> **About this task**
Each line below from the line with "Hello, good afternoon." to the line with "So in comes" must be copied exactly, including those two, and no picture may appear in the copy.

Start of Block

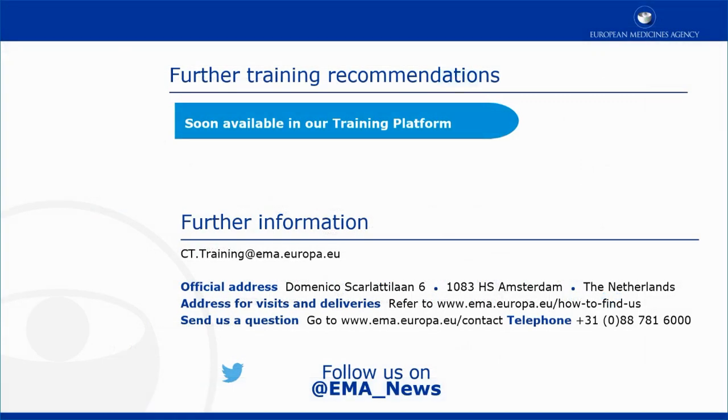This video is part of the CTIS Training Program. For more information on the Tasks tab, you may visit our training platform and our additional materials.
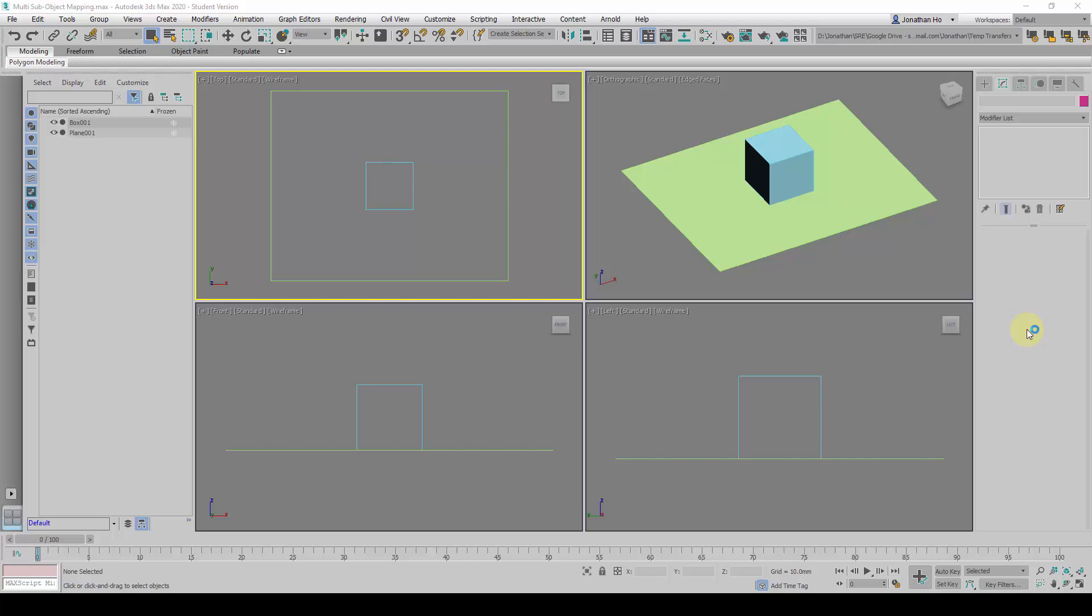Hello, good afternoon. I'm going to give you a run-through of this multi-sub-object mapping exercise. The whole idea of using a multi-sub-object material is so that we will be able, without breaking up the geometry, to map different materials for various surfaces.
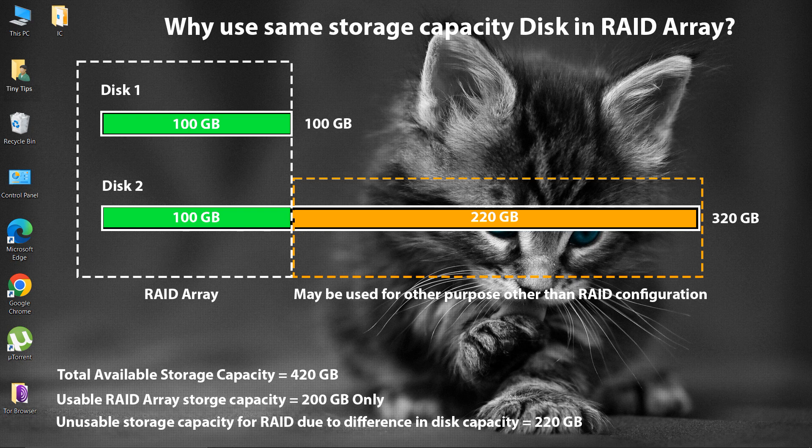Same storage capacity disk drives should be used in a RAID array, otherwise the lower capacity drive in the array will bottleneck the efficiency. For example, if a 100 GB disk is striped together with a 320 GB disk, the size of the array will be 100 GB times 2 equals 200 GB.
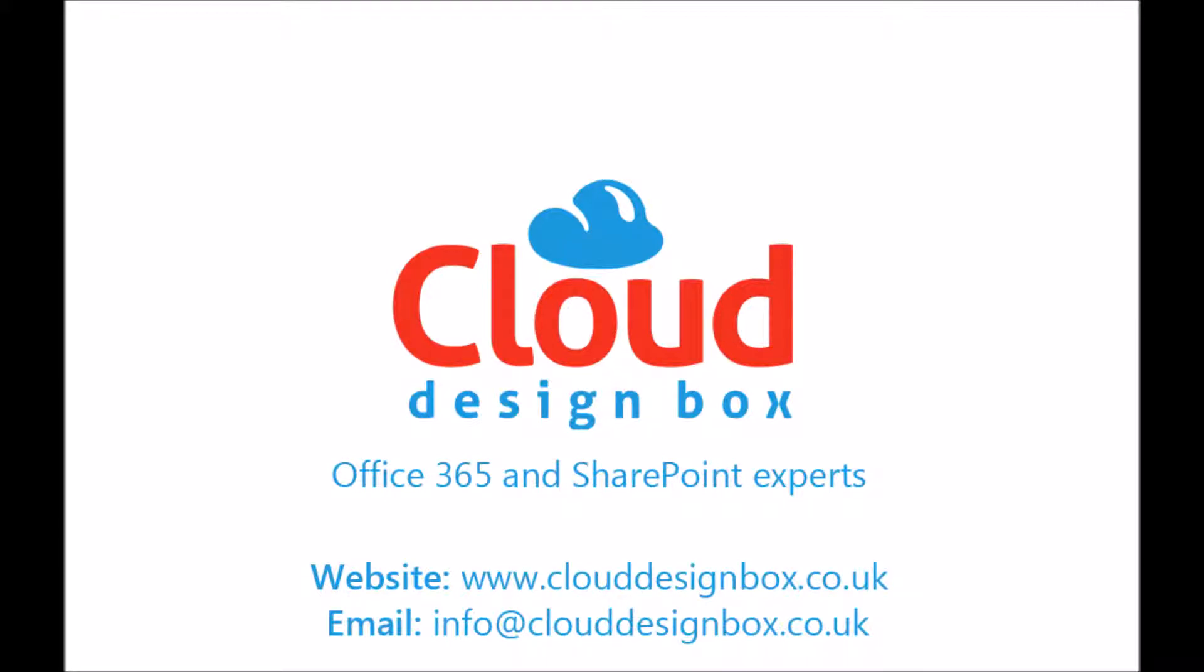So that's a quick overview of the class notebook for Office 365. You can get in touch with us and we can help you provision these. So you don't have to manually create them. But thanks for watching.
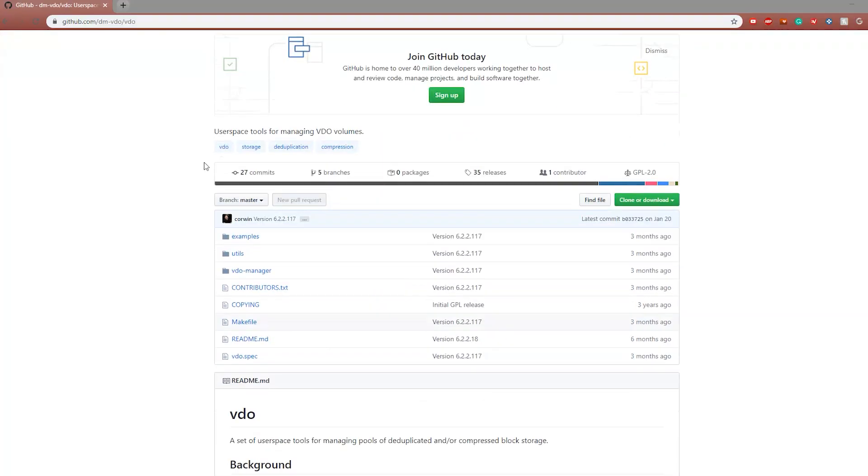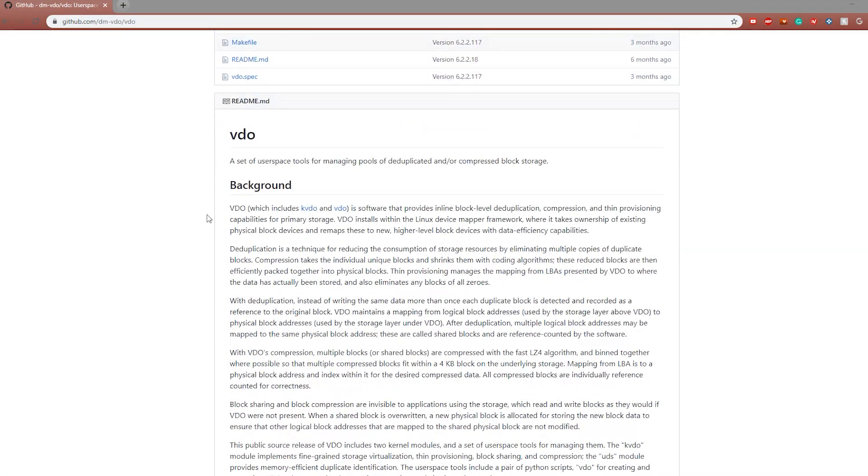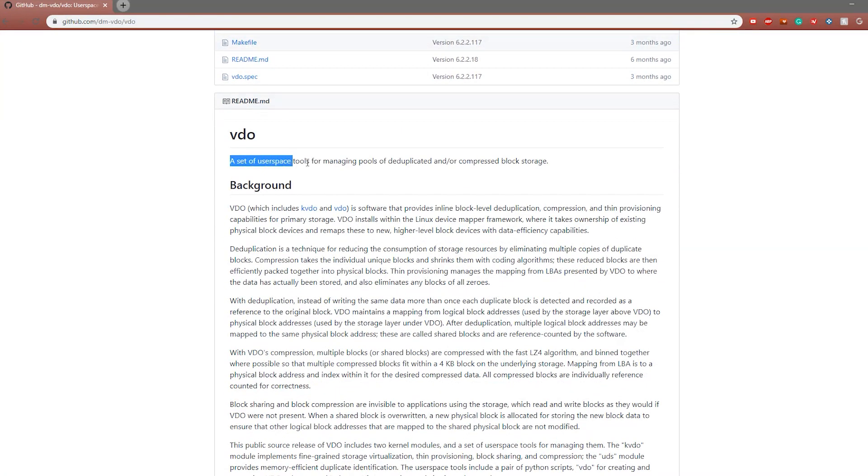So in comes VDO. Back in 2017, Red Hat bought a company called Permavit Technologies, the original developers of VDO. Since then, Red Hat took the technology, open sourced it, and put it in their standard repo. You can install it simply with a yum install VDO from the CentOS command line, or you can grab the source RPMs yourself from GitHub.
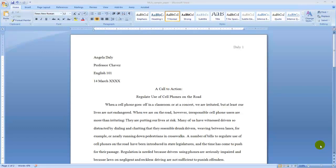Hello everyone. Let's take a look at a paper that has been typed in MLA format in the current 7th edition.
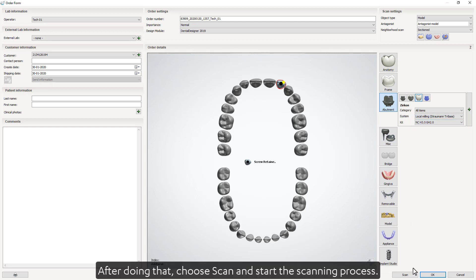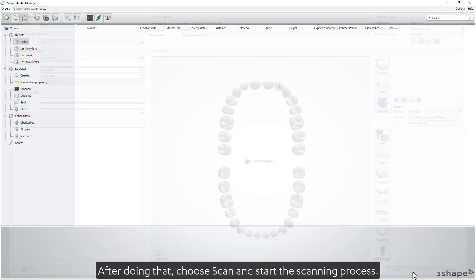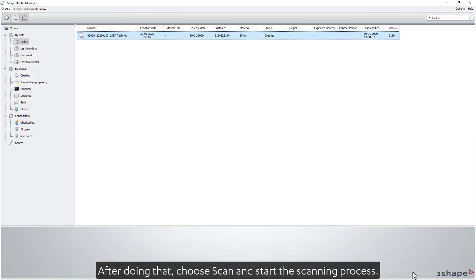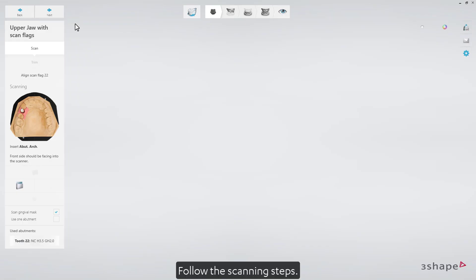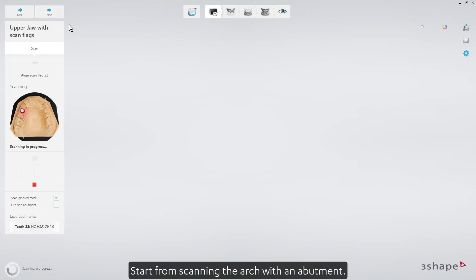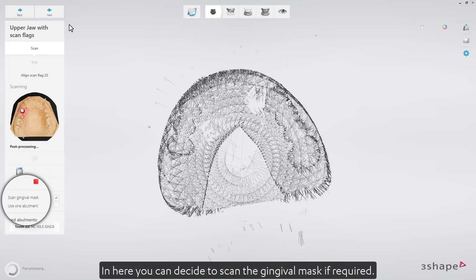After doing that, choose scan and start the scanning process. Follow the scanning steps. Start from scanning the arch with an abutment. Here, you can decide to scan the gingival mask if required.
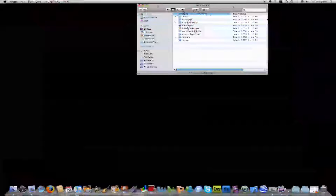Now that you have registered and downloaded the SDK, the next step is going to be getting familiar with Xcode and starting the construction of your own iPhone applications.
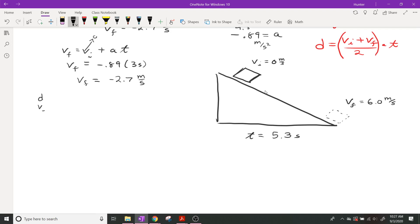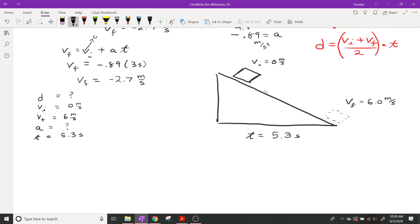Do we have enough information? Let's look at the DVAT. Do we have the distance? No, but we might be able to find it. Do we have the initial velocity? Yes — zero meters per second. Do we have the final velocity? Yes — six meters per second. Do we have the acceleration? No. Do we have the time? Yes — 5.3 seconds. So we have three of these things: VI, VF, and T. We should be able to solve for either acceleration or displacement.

End of Block

> **Output of the task**
Hello, good afternoon. I'm going to give you a run-through of this multi-sub-object mapping exercise. The whole idea of using a multi-sub-object material is so that we will be able, without breaking up the geometry, to map different materials for various surfaces.
Same storage capacity disk drives should be used in a RAID array, otherwise the lower capacity drive in the array will bottleneck the efficiency. For example, if a 100 GB disk is striped together with a 320 GB disk, the size of the array will be 100 GB times 2 equals 200 GB.
So that's a quick overview of the class notebook for Office 365. You can get in touch with us and we can help you provision these. So you don't have to manually create them. But thanks for watching.
So in comes VDO. Back in 2017, Red Hat bought a company called Permavit Technologies, the original developers of VDO. Since then, Red Hat took the technology, open sourced it, and put it in their standard repo. You can install it simply with a yum install VDO from the CentOS command line, or you can grab the source RPMs yourself from GitHub.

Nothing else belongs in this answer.